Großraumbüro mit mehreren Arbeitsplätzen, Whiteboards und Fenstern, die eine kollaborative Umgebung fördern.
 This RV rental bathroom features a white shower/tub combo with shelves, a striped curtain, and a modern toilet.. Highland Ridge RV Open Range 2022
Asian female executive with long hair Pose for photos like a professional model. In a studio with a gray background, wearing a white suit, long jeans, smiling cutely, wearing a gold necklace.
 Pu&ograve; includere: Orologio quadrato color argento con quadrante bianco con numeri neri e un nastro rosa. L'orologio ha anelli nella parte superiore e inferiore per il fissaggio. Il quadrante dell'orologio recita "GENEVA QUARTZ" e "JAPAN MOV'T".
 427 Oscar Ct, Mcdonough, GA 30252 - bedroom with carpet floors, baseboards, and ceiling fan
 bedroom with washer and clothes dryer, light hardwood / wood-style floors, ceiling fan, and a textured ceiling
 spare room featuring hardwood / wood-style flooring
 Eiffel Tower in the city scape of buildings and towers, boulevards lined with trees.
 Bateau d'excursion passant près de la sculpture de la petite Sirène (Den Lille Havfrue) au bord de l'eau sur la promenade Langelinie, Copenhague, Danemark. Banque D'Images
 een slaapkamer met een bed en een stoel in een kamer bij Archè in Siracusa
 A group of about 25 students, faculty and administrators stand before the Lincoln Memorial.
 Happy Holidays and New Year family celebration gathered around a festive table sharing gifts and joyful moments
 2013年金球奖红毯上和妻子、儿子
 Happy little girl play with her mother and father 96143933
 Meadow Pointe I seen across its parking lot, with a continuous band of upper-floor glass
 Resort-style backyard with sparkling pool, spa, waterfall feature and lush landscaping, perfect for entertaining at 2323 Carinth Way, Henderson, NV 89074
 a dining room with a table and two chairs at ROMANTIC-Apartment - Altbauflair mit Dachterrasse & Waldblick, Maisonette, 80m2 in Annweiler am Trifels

================

- _Your objective_: Print nothing but the lines from the line with "Eiffel Tower in" to the last line of the records above. Both of those lines count.

- _Answer below_:
 Eiffel Tower in the city scape of buildings and towers, boulevards lined with trees.
 Bateau d'excursion passant près de la sculpture de la petite Sirène (Den Lille Havfrue) au bord de l'eau sur la promenade Langelinie, Copenhague, Danemark. Banque D'Images
 een slaapkamer met een bed en een stoel in een kamer bij Archè in Siracusa
 A group of about 25 students, faculty and administrators stand before the Lincoln Memorial.
 Happy Holidays and New Year family celebration gathered around a festive table sharing gifts and joyful moments
 2013年金球奖红毯上和妻子、儿子
 Happy little girl play with her mother and father 96143933
 Meadow Pointe I seen across its parking lot, with a continuous band of upper-floor glass
 Resort-style backyard with sparkling pool, spa, waterfall feature and lush landscaping, perfect for entertaining at 2323 Carinth Way, Henderson, NV 89074
 a dining room with a table and two chairs at ROMANTIC-Apartment - Altbauflair mit Dachterrasse & Waldblick, Maisonette, 80m2 in Annweiler am Trifels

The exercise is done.